The Secret to Frybread and Life
One of the three central protagonists in the novel is the undisputed master of that delicacy enjoyed widely across Native American culture while still remaining on the shelf among the greater world beyond the reservations. Margie can make frybread like nobody’s business, but none of her competitors can quite seem to figure out what goes in that makes it come out so special. The narrator is not a competitor, however:
“Here is part of Margie’s secret: Unrequited love. The LaForce family land allotment in Sweetgrass. And not too much sugar when you add that little bit. But without Zho Washington’s grandmother, the three would have remained unconnected, as would have the ingredients that went into Margie’s mixing bowl and came out frybread, as would have the ingredients that went into her existence and came out Margie’s life.”
Pop Culture Referencing
Sometimes metaphor and similes arrive in the form of pop culture referencing. The problem with such allusions, of course, is that pop culture game comes and goes. Occasionally, once gone it will come back again, but this is only in the rarest of circumstances. And so the reference here to an actress who attained only a very mild form of fame at her most popular is likely become a metaphor that fails to do the job for most readers:
"`My great-great-grandmother was the daughter of a Cherokee chief,’ she announced, gesturing like Debra Paget and crossing her arms. As she paused her bracelets shivered and grew momentarily still.”
Voice of the Feds
A man from the federal government shows up the high school one day and Dale Ann is called out of class. He is employed as part of a program by the government to relocate promising Native Americans in school off the reservation and into a job training program. Yeah, it goes about as badly one either a conservative or liberal might expect. The man is intended to be a symbol of federal government fumbling in their short-term approaches to the long-term problem of dealing with unfortunate reminders of the theft upon which the country was founded. And so it is not surprising at all that this man—one Mr. Gunderson—sounds nothing at all like a sharp-voiced characters from the film Fargo despite his name, but instead ingratiates himself with the syrupy smooth delivery of a popular crooner who hit superstar status in the 1960’s.

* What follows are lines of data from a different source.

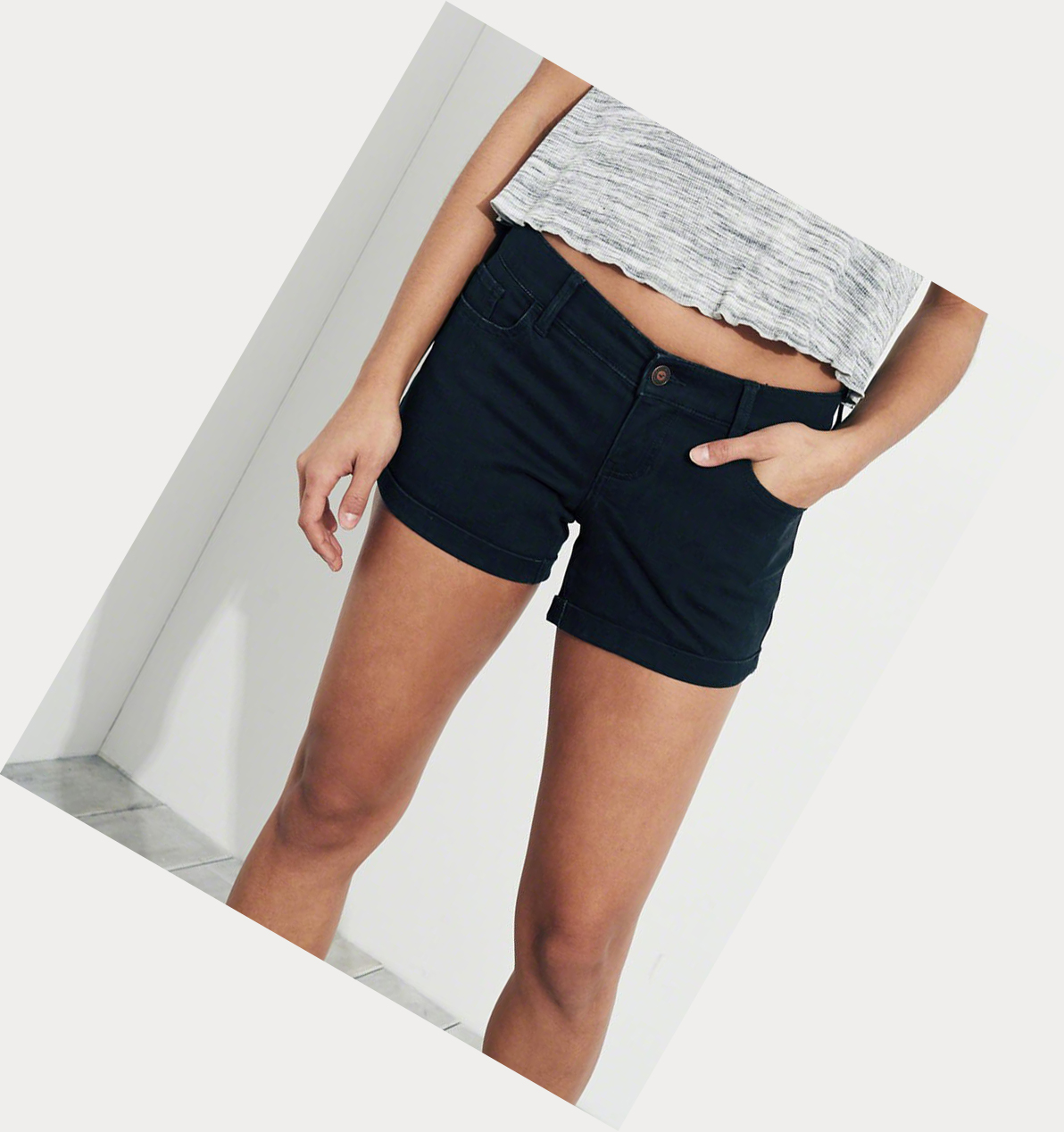 Navy Women's Hollister Low-Rise Twill Midi Shorts | UK-062BNZE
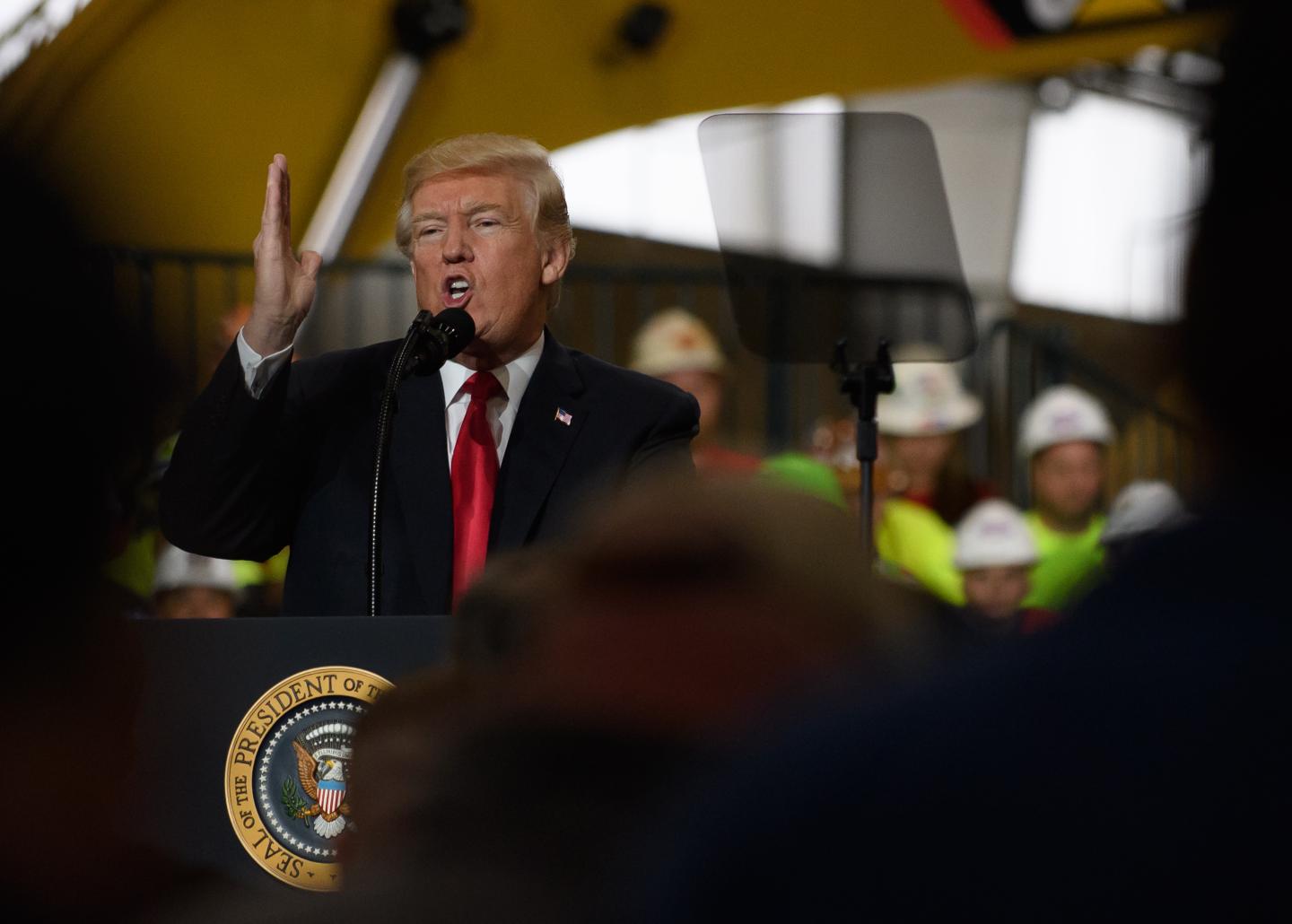 Donald Trump Amazon Tax fact check tweet
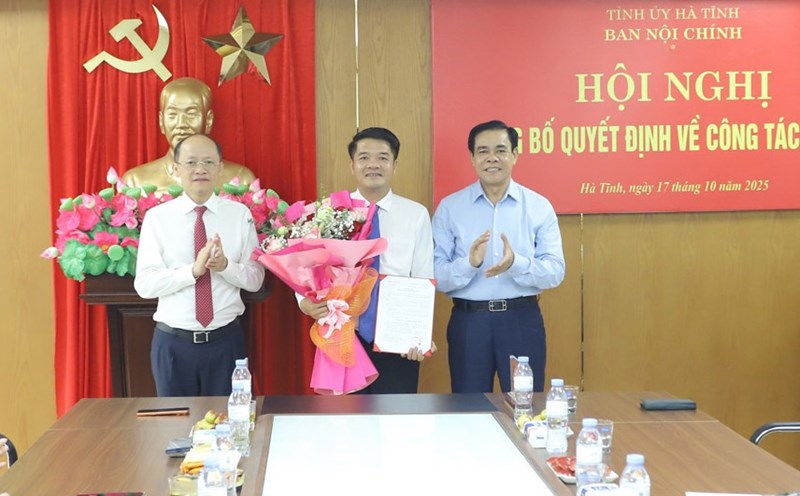 Handing over the decision to appoint Mr. Tran Nhat Tan to the position of Head of the Ha Tinh Provincial Party Committee's Internal Affairs Committee. Photo: Duc Tuan.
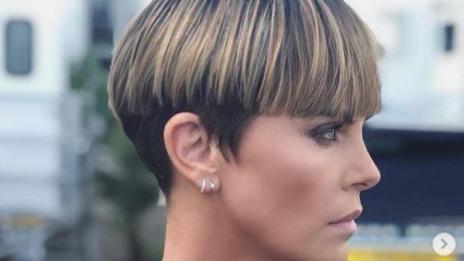 Чарлийз Терон се завръща по-лоша и по-секси... Като гений!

“He had a pleasant voice, like Andy Williams’s.”
The Man
While the story is primarily focused on the three female protagonists specifically and women in general, there is one male in the story who rises to status of essential significance. His path will cut a swatch across the paths of all the other major characters and leave a lasting imprint, which helps to explain the poetic heights of metaphor whenever he starts showing up:
“His teasing was sunlight showering weightless flecks of yellow happiness in random, repeating patterns as seductive as the dance of the bottle spirits on her arms, her face, her hair.”
Peculiar Grace
Grace is one of the secondary female characters in the story. She is mostly interesting because she is a little peculiar, at least relative to the other women. Description of Grace is also peculiarly more robust with metaphorical references to behavior and personality than with create physical portraiture:
“She traveled a path paved with rumors as many and varied as little stones that she stepped on and over but never around, and without looking; in her wake they scattered, broke, rearranged themselves.”